Just call em all tommy round heads lol..... those things do my head in... skin folds ect... clip the end of its tail off put it in a test tube of Diporight, shake three times (not four) and if it turns blue.....


----------



## clopo (Oct 13, 2012)

Thanks guys, I was thinking D. winneckei as well. The location would be on the outskirts of D. winneckei's distribution, near Duchess. The issue i had was that it is a spitting image of the D. billineata that i have found north of Mount Isa. Being found in between the current distribution ranges of the two species just confused me as to which it was.


----------



## jordo (Oct 13, 2012)

What sort of habitat was it found in? D. winneckei are usually associated with spinifex or canegrass. The book says bilineata are found in woodlands or sandy coastline.
Stephen do you have the papers you mentioned?


----------



## clopo (Oct 13, 2012)

It was actually found on a rehabilitated mine waste rock dump, which is dominated by buffel grass. However the surrounding land is mostly spinifex.


----------



## vicherps (Oct 13, 2012)

I'm thinking Diporiphora winneckei as others have said.


----------



## eipper (Oct 13, 2012)

Lalliae at a guess but these are a mess. Currently there is a dip being described from near Noombah station. There are a number of other species from both the australis and bilineata groups awaiting description. You need take as many details down as possible and await a decent description to come out.....in the mean time Diporophora sp


----------



## vicherps (Oct 13, 2012)

D.lalliae are not even found in Qld. There are many species within a complex that await scientific discription however I like to name something under what what it currently known iuntil the taxonomic status has been made officially. I'm still sticking with winneckei it does look rather like one considering where it was found. Then again I find that quite a few Diporiphora sp look rather similar to one another hence the fact the fact that what can be currently known as one species actually comprise of several species once genetic analysis is done.


----------



## eipper (Oct 13, 2012)

Micah,

Pull your head in. Have you herped around this area or are you basing your information from books only?

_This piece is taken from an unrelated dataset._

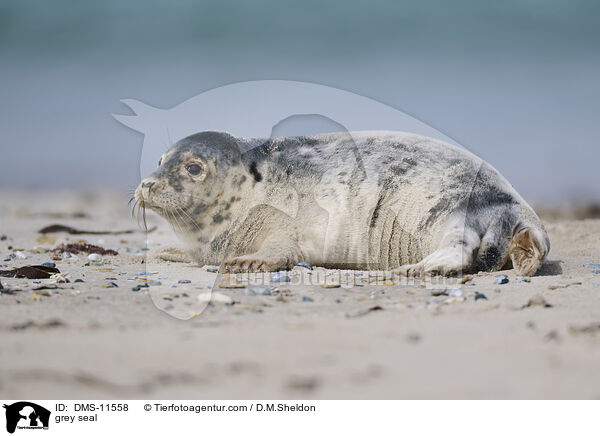Kegelrobbe / grey seal / DMS-11558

I suggested lalliae as I have seen them on the qld side of the border. As for your taxonomic considerations....well there is a really simple way to Id the animal in question it is Diporophora sp.
Scott


----------



## Bluetongue1 (Oct 14, 2012)

I do know one method that can be utilised to settle it, once and for all! However it does require access to the necessary resources…. has anyone got a coin?

Blue


----------



## clopo (Oct 14, 2012)

Thanks Scott, I didnt even think of D. lalliae. I see on the Atlas of Living Australia there is a record of D. lalliae not to far away. Noonbah Station isnt too far away however it is quite different habitat. Due to the location and habitat it is more likely D. lalliae or D. winneckei, or at least something pretty similar. Is there much work being done on Diporiphora?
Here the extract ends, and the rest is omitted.